最初はホームページの管理や更新作業、そしてメールのやりとりなどはとても無機質なものに思えて、私は好きになれませんでした。いつまでたっても「ワープロ少々」程度の私の腕前では、現在の高度なパソコンを操るのは至難の技です。そして二年ほど前までは、プロバイダーとの契約料や通信料などは、決して安いものではなかったように思われます。現在では無料のプロバイダーもたくさんありますし、通信料も当初と比べるとかなり安価になりました。
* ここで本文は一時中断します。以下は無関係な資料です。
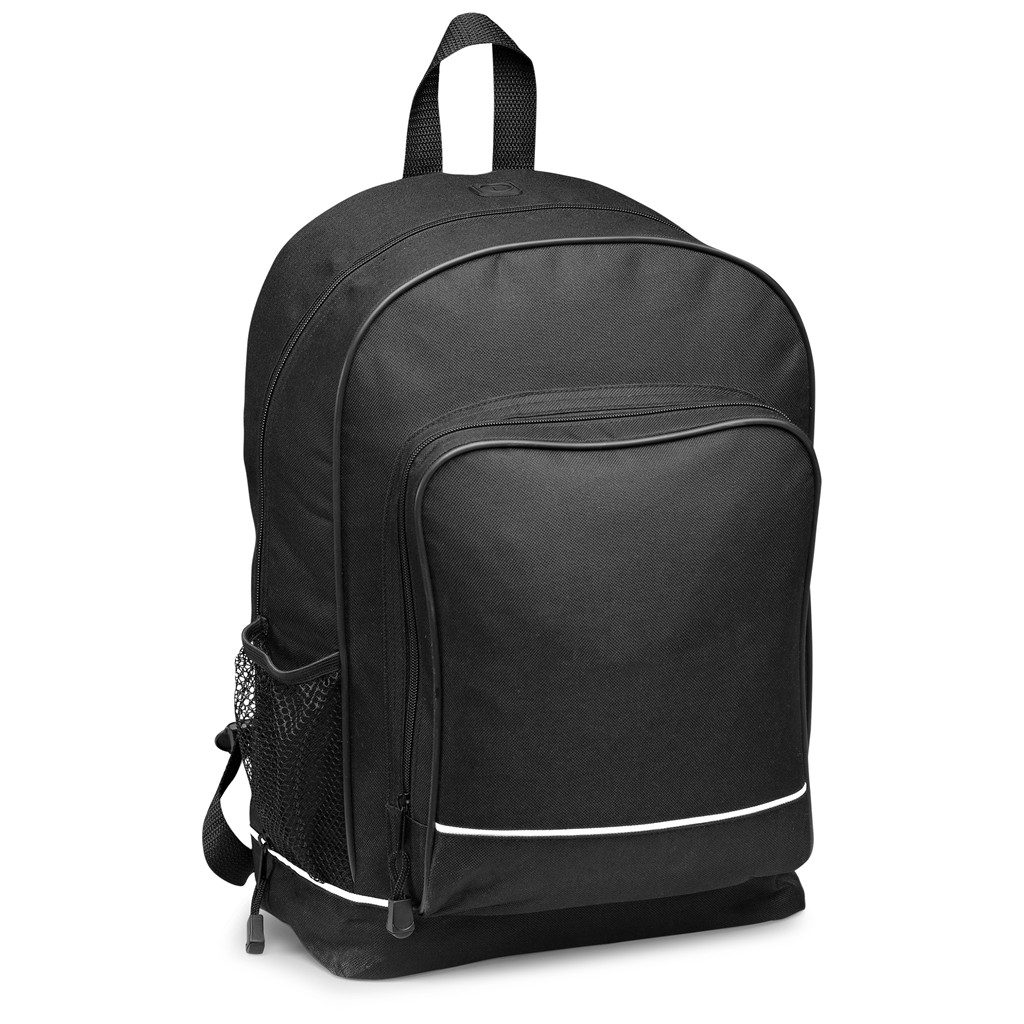 Olympiad Backpack – Black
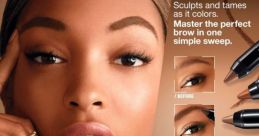 Eyeliner Commercial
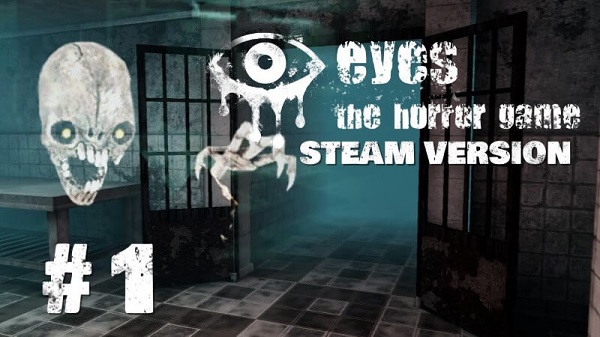 Eyes: Scary Thriller
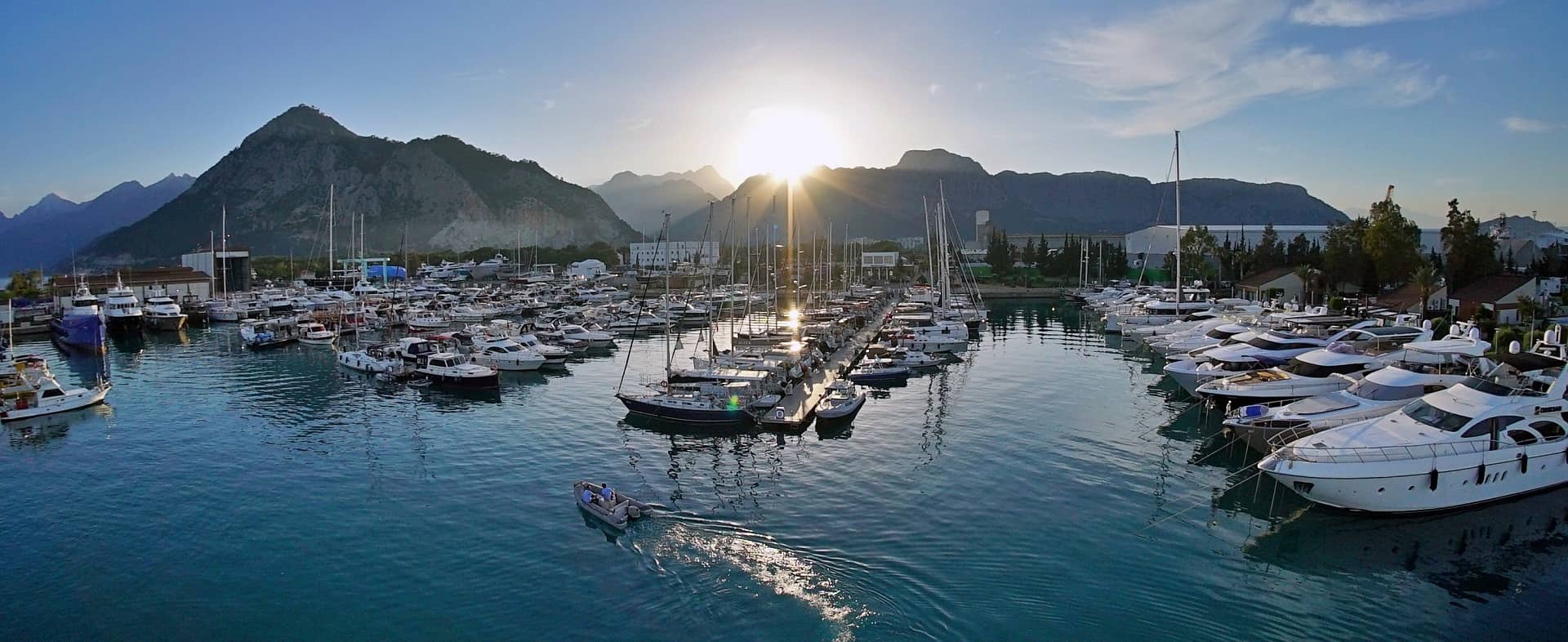 Setur Antalya Marina Ticari Marina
そんな一年前のある日、主人が地元の商工会でインターネットを体験してきたのでした。2時間以上もジーっとパソコンの前に座り、これまで受けたのとはまったく違う種類のカルチャーショックを受け、インターネットの世界に釘づけとなってしまったそうです。帰って来るなり、「俺たちもホームページを作ろう」と言い出して、ついに機械オンチの私も巻き込まれてしまいました。
偶然にも良心的なホームページ製作会社にお世話になり、想像以上の素敵なページを次々完成させることができました。そして、私は主人に勧められて「若おかみの小さな日記」というコーナーを担当することになりました。初めは軽い気持ちで引き受けたのですが、毎日更新となるとなかなか大変な作業でした。ですが、ご覧いただくお客様からのメールの中には、ご意見やご感想をしっかり書いて下さる方がたくさんいらっしゃいます。また「若おかみ」としての私を励まして下さるメールが少なくないのです。本当にありがたいことで、時々そのメールに感激して涙が溢れてしまう事があります。
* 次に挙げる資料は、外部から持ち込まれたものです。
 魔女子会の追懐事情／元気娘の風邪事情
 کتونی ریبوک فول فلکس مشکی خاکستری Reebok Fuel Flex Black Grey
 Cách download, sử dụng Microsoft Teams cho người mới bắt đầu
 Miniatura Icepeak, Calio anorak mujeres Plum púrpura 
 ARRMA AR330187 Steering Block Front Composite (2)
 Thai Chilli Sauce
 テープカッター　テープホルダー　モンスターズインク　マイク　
今まで宿の仕事をしてきて、果たしてどれだけ生のお客様の声を聞く事ができましたでしょうか。それが今ならお客様のニーズやリクエスト等を、ある程度把握することが可能なのです。
私たちの目指すホームページは自己満足でおわるのではなく、(1)お客様の役に立っているか? (2)新鮮な情報を発信しているか? (3)楽しんでいただいているか? の3点をいつもチェックしようと考えています。
近い将来には誰もがテレビを見るような感じで、お茶の間でインターネットを楽しむ時代がくるでしょう。その時のことを考えれば、個人のお店の宣伝も確かに大事ですが、地域ごとや特定のエリア内、または同業者の連携によるインターネットの宣伝や経営戦略が、必要になってくるのではないでしょうか。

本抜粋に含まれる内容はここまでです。